El muchacho era poeta, pero no tardó en comprobar de una manera amarga que, en un mundo dirigido por la alta finanza y sacudido por las máquinas, la poesía no da lo suficiente para ir todas las mañanas a la panadería. Decidió, ya dispuesto a sufrir toda clase de humillaciones, lanzarse a la trivialidad de la prosa, reservándose el derecho de incrustar en ella neologismos de su invención y buen acopio de imágenes. Consiguió finalmente entrar en un periódico. Lo destinaron a la sección de sucesos, que tal es el comienzo de muchos, dándole a entender que ocuparía más elevados puestos si lograba destacar en aquel cometido un poco oscuro. Distinguióse, en efecto, aunque de una manera inesperada, sobre todo por el redactor jefe, pues convertía la lectura del periódico en el cual escribía en un motivo de fastidio o de franco regocijo. Sobrecargado de lirismo, Denis Pommier lo aplicaba a manos llenas, en las reseñas de accidentes, de agresiones, de pequeños robos y de suicidios. Hay que convenir que el lirismo le sentaba a aquellos relatos como los pelos en la sopa. Redactó en términos poéticos la información de un asesinato en provincias y envió un sorprendente despacho, muy parecido a un mensaje cifrado. Pero nadie en el periódico estaba en posesión de la clave.
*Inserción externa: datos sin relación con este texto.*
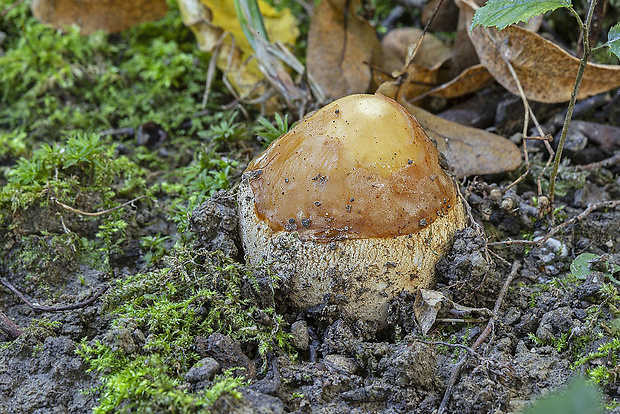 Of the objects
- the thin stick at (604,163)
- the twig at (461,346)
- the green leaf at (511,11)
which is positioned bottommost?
the thin stick at (604,163)

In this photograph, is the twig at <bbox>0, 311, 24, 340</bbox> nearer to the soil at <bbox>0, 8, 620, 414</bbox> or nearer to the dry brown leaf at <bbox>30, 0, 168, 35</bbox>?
the soil at <bbox>0, 8, 620, 414</bbox>

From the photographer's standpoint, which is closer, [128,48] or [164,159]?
[164,159]

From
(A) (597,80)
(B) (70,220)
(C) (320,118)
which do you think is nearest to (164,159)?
(B) (70,220)

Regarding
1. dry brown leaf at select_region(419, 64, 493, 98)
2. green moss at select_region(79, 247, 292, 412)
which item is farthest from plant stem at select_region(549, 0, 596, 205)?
green moss at select_region(79, 247, 292, 412)

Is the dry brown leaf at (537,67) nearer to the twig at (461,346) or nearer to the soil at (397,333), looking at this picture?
the soil at (397,333)

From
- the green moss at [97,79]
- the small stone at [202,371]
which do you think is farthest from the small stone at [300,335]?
the green moss at [97,79]

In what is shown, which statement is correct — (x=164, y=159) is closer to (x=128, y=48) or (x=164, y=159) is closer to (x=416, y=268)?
(x=128, y=48) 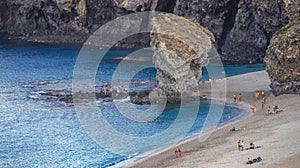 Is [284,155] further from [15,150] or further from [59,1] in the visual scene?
[59,1]

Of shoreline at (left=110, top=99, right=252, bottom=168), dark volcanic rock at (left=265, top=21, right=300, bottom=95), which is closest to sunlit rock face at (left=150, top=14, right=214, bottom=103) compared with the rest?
shoreline at (left=110, top=99, right=252, bottom=168)

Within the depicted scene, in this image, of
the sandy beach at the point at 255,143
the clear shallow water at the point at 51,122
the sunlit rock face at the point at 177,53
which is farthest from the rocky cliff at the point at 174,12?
the sandy beach at the point at 255,143

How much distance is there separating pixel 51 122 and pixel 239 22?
4551 centimetres

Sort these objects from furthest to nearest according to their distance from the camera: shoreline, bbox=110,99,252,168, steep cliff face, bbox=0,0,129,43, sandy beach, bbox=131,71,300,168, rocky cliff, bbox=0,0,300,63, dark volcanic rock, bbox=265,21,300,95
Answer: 1. steep cliff face, bbox=0,0,129,43
2. rocky cliff, bbox=0,0,300,63
3. dark volcanic rock, bbox=265,21,300,95
4. shoreline, bbox=110,99,252,168
5. sandy beach, bbox=131,71,300,168

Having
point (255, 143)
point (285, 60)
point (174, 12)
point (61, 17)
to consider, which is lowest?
point (255, 143)

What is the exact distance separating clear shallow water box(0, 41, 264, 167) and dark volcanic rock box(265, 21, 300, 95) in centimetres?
502

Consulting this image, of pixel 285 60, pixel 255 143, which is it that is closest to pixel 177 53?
pixel 285 60

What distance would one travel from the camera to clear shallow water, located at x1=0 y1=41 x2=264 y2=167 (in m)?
43.6

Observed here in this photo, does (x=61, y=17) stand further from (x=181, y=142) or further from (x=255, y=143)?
(x=255, y=143)

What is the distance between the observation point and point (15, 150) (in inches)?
1784

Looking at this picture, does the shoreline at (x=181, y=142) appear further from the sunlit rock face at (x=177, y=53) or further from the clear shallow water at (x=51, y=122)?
the sunlit rock face at (x=177, y=53)

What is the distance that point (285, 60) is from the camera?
54.0 meters

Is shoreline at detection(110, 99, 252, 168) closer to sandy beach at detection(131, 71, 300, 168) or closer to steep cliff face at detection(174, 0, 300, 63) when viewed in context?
sandy beach at detection(131, 71, 300, 168)

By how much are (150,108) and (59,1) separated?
5480 centimetres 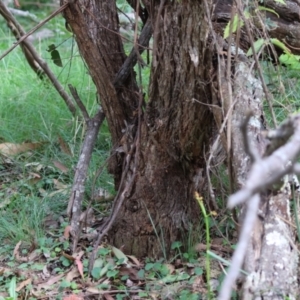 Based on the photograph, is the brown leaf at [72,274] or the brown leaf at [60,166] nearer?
the brown leaf at [72,274]

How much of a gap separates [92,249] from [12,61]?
2.58 metres

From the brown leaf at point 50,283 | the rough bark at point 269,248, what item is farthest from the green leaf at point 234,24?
the brown leaf at point 50,283

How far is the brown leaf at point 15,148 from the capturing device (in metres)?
3.20

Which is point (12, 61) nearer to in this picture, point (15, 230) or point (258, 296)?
point (15, 230)

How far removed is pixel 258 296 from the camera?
129 cm

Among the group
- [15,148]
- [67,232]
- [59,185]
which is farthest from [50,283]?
[15,148]

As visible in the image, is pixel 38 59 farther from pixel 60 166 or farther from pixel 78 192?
pixel 78 192

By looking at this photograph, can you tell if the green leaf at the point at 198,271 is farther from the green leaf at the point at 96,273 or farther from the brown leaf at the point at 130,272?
the green leaf at the point at 96,273

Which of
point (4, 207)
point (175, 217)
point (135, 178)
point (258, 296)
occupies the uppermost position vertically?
point (258, 296)

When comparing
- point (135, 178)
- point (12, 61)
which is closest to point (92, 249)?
point (135, 178)

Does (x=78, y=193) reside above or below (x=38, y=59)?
below

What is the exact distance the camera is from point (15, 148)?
3213mm

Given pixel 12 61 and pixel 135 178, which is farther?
pixel 12 61

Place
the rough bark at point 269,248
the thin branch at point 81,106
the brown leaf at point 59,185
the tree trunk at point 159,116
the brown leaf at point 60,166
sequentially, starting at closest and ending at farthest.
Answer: the rough bark at point 269,248, the tree trunk at point 159,116, the thin branch at point 81,106, the brown leaf at point 59,185, the brown leaf at point 60,166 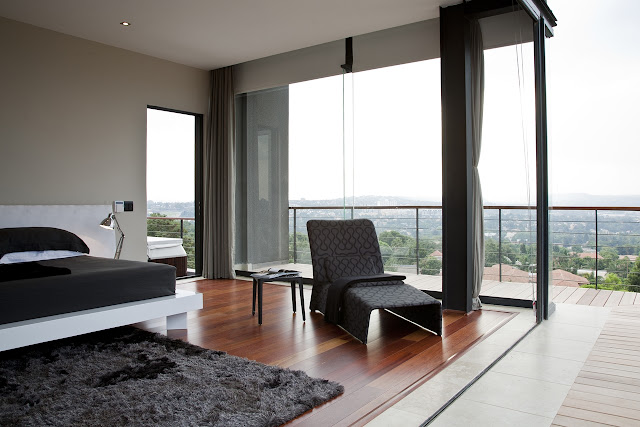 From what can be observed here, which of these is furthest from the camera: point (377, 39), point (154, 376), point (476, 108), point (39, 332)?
point (377, 39)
Cuando el joven reportero regresó, se le notificó que su estilo, maravilloso para el cultivo de la literatura, era inadecuado para la labor informativa y se le aconsejó, finalmente, que tentara su suerte en otro periódico. Denis Pommier probó fortuna un par de veces, pero el demonio de la poesía le hizo fracasar rápida y rotundamente.

La época era de los talentos precoces. La proximidad de sus treinta años preocupaba mucho al poeta. Decíase que precisamente al alcanzar la treintena, Balzac se puso a trabajar para la posteridad, pero Balzac, en nuestro siglo, se hubiera retrasado. Resolvió anticiparse tres años al autor de
La comedia humana
y sentó los cimientos de una gran cíclica con este título general: "El siglo xx". El primer tomo se titularía
El amanecer del siglo
. Se empeñó en llevar a cabo esta empresa y escribió en ocho meses un mamotreto de quinientas doce páginas a máquina y sin márgenes. La cariñosa Hortense hizo siete copias de
El amanecer del siglo
. Y siete editores parisienses recibieron al mismo tiempo aquella tupida obra maestra.
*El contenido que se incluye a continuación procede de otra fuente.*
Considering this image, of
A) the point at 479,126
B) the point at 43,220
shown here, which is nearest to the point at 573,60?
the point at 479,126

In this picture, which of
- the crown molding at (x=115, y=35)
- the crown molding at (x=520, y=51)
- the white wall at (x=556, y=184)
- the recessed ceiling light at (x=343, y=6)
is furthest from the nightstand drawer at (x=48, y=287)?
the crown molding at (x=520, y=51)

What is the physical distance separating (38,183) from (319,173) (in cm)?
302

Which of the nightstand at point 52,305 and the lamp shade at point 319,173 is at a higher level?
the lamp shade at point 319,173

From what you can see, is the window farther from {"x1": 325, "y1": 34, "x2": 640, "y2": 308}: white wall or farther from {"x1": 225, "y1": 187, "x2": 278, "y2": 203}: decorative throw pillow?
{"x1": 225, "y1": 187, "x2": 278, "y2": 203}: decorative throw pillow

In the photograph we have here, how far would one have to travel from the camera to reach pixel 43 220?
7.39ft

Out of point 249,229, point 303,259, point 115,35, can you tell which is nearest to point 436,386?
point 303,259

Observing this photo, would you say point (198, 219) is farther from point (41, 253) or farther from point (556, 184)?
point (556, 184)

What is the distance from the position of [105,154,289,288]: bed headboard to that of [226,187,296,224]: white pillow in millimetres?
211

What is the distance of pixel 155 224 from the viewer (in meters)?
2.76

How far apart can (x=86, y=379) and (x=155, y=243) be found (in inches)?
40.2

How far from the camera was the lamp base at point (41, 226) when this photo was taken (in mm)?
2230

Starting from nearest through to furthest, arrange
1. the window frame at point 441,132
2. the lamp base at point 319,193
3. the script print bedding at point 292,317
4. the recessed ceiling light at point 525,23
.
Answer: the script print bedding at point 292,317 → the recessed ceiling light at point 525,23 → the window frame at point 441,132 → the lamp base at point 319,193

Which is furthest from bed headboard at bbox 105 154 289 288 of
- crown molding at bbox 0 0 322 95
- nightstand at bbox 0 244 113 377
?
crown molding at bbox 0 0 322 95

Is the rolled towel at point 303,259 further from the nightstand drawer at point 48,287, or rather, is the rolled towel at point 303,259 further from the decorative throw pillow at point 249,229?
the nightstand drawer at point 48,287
Uno de los editores contestó que el manuscrito era interesante, pero que el estilo era poco literario para su casa. Otro, que el manuscrito tenía interés, pero que el estilo era excesivamente literario para su casa. Otro, que la trama era casi inexistente. Otro, que la trama tenía demasiada importancia. Otro preguntó "si el autor se burlaba de la gente". Otro aconsejaba que "el autor recabara los servicios de un traductor, pues no es costumbre en Francia publicar directamente en iraqués". Y por último, el séptimo no contestó ni devolvió el original.

Con esto pasaron seis meses, tiempo que empleó Denis Pommier en escribir una novelita:
Bazares de ensueños
, que reproducida asimismo en varias copias, no tuvo más suerte entre los editores.

Desesperado, Denis Pommier se orientó hacia la novela folletín. Su primer intento alcanzó cierto éxito. Había, pues, que perseverar en el camino emprendido, lo que hizo metódicamente. Todas las mañanas, fumando su pipa, escribía sus veinte páginas, echando mano a los rápidos diálogos cuando le fallaba la inspiración. "El mayor talento del folletinista consiste en trabajar a tanto la línea", le había dicho un veterano del género. Más tarde, Hortense pasaba a máquina los borradores.